In addition to the silliness, there are extended cameos by familiar actors. Paul "Pee-wee Herman" Reubens plays an annoying hotel clerk, Edie McClurg pops up as the matron of the Beverly Hills family, Cassandra Peterson (better known for her role as Elvira, Mistress of the Dark) plays one of the prostitutes in the brothel and Michael Winslow (Police Academy's "Man of 10,000 Sound Effects") turns up as a crazy man in a welfare office. In the end, after leading the cops on a high-speed chase, Chong is kidnapped by aliens. He returns to Earth with a beaker of "space coke," which Cheech snorts and gets so high that he smashes through the wall of his house and blasts into orbit before being enveloped by a giant flying joint.

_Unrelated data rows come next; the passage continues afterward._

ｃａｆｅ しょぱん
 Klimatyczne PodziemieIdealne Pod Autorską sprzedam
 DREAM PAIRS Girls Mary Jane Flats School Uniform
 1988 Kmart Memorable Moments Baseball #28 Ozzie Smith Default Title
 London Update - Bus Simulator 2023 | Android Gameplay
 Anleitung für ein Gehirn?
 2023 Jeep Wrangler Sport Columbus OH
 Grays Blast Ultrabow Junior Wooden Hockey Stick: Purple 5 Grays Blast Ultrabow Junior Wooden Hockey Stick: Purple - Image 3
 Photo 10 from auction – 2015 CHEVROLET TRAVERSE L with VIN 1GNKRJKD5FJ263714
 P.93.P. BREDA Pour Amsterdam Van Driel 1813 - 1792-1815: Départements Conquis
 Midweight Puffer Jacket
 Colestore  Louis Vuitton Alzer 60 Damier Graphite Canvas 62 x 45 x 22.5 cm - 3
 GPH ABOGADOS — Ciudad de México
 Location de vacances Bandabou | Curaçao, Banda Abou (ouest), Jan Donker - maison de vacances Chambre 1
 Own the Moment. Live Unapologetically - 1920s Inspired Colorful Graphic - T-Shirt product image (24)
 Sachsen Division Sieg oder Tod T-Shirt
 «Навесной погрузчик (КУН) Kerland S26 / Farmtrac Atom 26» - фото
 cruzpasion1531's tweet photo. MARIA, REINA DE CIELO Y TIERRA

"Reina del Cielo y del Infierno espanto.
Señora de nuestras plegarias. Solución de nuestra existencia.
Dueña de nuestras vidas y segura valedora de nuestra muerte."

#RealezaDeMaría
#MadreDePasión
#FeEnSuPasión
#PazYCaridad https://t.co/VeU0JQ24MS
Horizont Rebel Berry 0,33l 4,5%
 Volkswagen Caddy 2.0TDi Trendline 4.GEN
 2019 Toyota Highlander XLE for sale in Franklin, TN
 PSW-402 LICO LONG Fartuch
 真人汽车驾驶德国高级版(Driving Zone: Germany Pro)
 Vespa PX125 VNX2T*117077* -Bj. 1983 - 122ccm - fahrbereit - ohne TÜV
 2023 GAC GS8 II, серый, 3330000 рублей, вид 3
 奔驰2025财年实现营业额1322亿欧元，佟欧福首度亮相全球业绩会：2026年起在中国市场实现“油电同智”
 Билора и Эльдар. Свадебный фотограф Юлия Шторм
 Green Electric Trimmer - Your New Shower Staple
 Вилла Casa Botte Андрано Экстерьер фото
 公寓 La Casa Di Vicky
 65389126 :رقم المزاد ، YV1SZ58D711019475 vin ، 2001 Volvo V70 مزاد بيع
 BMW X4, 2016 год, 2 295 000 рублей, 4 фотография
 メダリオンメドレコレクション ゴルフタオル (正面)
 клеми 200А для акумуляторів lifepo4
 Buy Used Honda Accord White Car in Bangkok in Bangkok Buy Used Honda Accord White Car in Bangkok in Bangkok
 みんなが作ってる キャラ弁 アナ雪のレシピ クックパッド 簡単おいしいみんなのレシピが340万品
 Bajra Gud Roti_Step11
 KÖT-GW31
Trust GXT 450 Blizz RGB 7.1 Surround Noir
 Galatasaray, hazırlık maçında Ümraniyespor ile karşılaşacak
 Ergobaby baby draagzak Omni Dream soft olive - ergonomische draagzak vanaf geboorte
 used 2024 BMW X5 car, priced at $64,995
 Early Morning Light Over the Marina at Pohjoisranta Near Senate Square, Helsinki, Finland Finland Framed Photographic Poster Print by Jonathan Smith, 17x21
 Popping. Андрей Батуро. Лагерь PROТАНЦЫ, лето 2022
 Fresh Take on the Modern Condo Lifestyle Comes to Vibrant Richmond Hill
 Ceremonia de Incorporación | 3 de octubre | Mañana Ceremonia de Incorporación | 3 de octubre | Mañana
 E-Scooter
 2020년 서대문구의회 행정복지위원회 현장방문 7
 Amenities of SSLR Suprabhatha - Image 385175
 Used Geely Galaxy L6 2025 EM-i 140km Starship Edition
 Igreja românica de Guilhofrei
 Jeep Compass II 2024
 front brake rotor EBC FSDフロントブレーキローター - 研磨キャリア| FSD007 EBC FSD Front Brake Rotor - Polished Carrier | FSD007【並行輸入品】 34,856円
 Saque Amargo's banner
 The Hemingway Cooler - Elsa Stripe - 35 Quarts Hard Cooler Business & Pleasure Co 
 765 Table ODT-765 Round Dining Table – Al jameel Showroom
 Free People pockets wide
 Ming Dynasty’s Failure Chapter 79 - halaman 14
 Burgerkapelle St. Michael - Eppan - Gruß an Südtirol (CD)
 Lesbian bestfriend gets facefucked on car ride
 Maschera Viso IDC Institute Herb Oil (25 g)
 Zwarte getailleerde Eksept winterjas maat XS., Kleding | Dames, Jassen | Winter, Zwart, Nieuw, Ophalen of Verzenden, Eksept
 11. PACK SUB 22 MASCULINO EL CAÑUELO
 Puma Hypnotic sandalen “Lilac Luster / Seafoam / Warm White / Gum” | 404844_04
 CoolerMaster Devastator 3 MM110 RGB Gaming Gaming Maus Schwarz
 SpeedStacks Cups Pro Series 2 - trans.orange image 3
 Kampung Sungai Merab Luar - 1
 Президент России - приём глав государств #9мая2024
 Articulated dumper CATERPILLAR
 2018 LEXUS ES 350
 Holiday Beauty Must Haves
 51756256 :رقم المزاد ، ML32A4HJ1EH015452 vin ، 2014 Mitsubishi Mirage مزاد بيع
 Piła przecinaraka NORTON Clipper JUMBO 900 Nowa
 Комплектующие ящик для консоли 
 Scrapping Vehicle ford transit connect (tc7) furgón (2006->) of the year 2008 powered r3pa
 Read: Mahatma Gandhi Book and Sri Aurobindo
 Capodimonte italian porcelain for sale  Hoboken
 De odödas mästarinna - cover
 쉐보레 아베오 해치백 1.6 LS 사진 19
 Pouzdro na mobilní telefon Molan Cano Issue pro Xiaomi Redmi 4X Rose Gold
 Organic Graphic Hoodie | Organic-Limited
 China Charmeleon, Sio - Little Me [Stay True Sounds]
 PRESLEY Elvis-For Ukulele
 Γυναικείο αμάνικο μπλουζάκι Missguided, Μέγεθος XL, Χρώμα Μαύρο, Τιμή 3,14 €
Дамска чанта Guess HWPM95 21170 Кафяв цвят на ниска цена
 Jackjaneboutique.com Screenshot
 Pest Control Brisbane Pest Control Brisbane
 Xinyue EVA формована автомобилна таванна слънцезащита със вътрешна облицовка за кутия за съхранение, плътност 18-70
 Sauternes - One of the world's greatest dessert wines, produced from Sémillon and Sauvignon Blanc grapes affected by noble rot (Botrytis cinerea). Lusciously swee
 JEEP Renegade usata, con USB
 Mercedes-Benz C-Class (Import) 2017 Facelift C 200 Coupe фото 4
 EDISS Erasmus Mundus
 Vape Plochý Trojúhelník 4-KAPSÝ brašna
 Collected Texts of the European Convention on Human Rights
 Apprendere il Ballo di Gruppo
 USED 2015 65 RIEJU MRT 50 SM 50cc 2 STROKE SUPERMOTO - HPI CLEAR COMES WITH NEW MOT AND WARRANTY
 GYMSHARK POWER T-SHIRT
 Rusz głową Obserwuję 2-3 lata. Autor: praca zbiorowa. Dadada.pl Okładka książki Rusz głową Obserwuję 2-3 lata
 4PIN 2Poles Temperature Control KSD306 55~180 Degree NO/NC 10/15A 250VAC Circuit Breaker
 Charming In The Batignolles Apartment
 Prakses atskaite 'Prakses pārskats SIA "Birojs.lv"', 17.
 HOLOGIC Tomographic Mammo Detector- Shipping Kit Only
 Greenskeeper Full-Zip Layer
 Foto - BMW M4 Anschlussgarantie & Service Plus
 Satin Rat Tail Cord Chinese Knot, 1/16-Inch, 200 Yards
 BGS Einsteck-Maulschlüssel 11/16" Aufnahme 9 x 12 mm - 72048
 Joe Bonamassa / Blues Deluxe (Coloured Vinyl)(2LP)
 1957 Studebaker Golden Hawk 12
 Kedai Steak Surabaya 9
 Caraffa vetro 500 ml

In classic stoner-movie style, most of the humor revolves around the way the pair wreaks havoc on the straight world while meeting eccentric characters and making oddball friends in the counterculture world. Needless to say, much of the comedy wouldn't fly in today's PC culture. Cheech riffs on his Latino heritage throughout, and at one point performs a song called "Mexican Americans" that's basically a compendium of stereotypes. Even the celebration of drugs feels different: There's no attempt at character redemption and no possibility these two will learn some kind of "lesson" about using illicit substances. Joints exist to be smoked, coke is there to be snorted and partying is the goal of life.

Despite this, and despite the fact that the film's jokes and sketches range from truly funny to somewhat dull and everywhere between, it's a refreshing relic. So many of today's comedies feel like they've been co-opted by product-placement contracts and the sensibilities of suited Hollywood execs who want to make sure the average moviegoer won't be too offended by the proceedings; Cheech and Chong's Next Movie is a reminder of what it's like to truly not give a crap about anything.

Most of the best sketches – like the opening one, in which Cheech and Chong steal gasoline by siphoning it into a metal trashcan they carry through the streets of Los Angeles, spilling all over themselves and then blowing themselves up when they light a joint – feel like they were written and performed by two guys who were indeed deeply stoned. Likewise, the target audience should be in a similar space. The movie is a reminder that the world is an absurd place and that anyone who takes themselves seriously in any way can't be trusted. The best people in Cheech and Chong's universe are the ones who can, and do, laugh at everything.

Cheech and Chong's Next Movie isn't a masterpiece, but it manifests a deep, valuable irreverence. It feel like it comes not only from another time but from another world, carrying with it a reminder that sometimes being a dropout has a lot of upside.